Problem: Output nothing except the lines from the one containing "Ash Cloud Bali" through the final line of the data, both included, typed exactly, minus the pictures.

Recorded information START

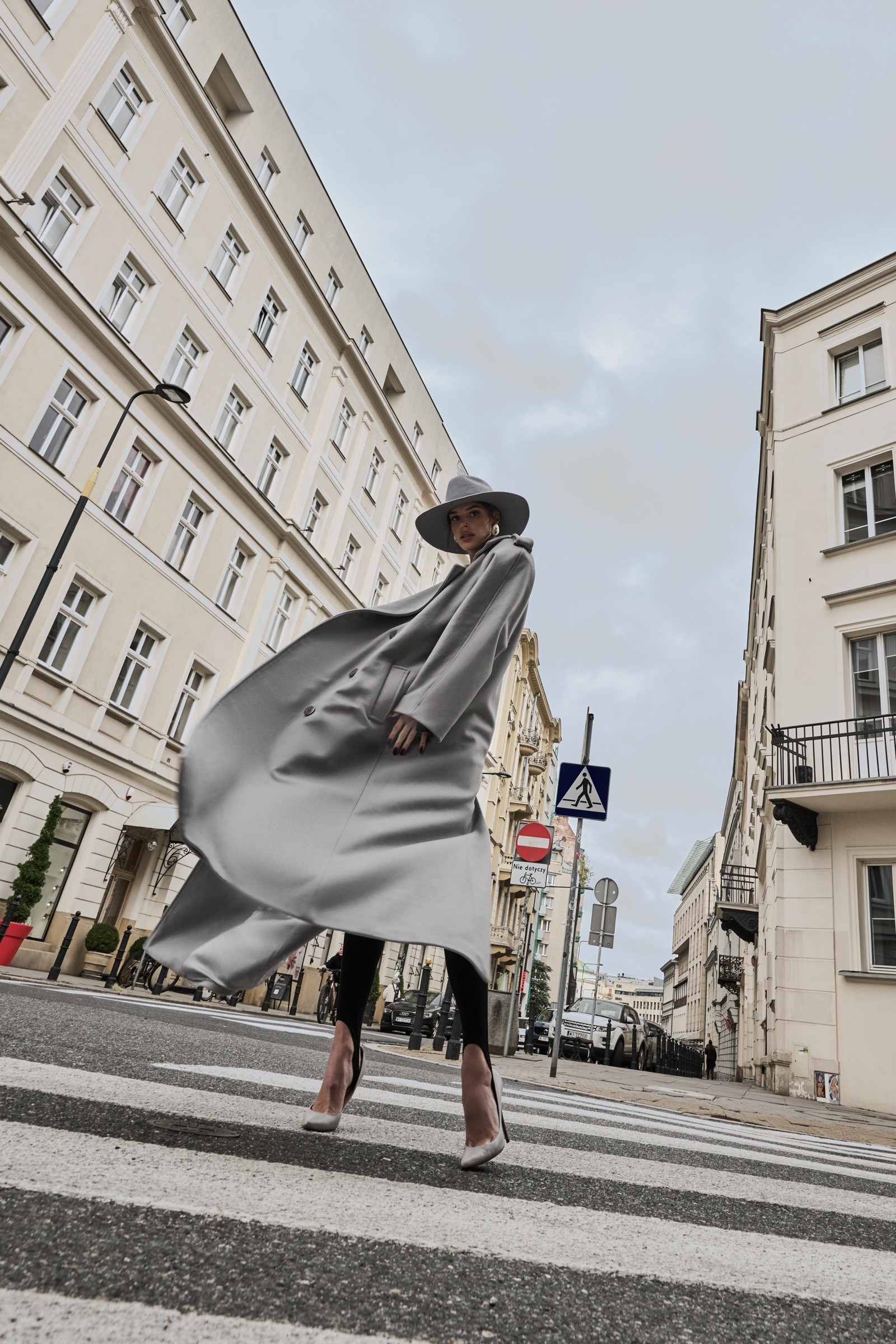 PŁASZCZ CIARA LIGHT GREY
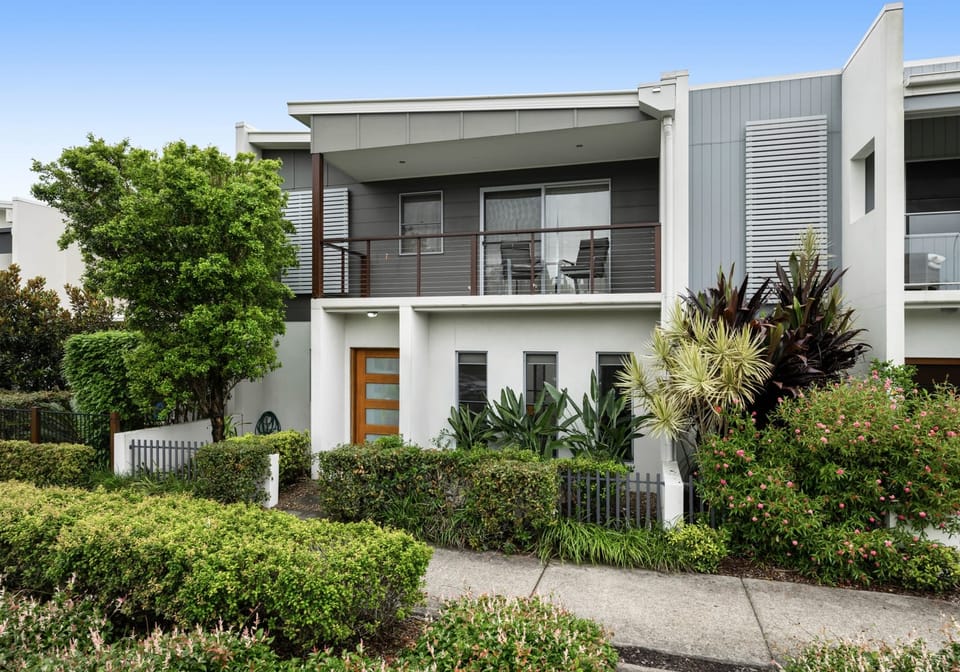 Effortless Coastal Living: Elegance Meets Everyday Convenience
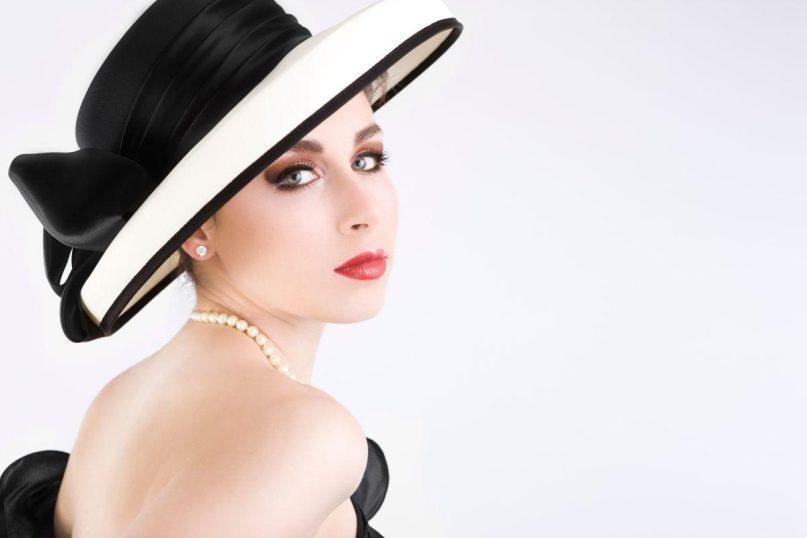 Keturios spalvos, kurios išliks amžinai madingos. Sužinokite!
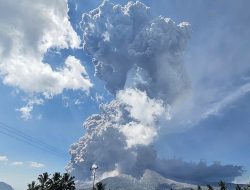 Bali Flights Suspended as Volcano Erupts with 18 km Ash Cloud Bali Flights Suspended as Volcano Erupts with 18 km Ash Cloud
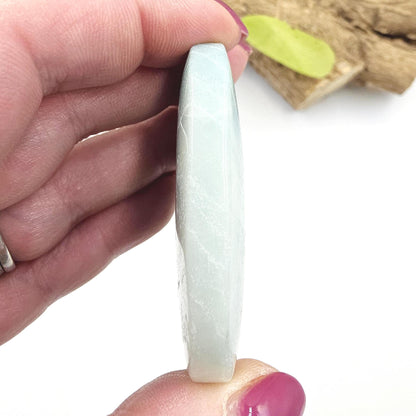 Caribbean Calcite Palm Stone – Calm, Intuition & Soothing Energy Crystal, 55g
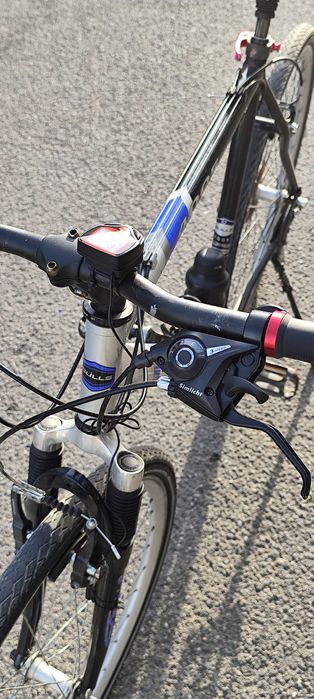 Vand Bicicleta Bulls roti 28 perfect functionala cadru de aluminiu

Recorded information END

Answer to this problem:
 Bali Flights Suspended as Volcano Erupts with 18 km Ash Cloud Bali Flights Suspended as Volcano Erupts with 18 km Ash Cloud
 Caribbean Calcite Palm Stone – Calm, Intuition & Soothing Energy Crystal, 55g
 Vand Bicicleta Bulls roti 28 perfect functionala cadru de aluminiu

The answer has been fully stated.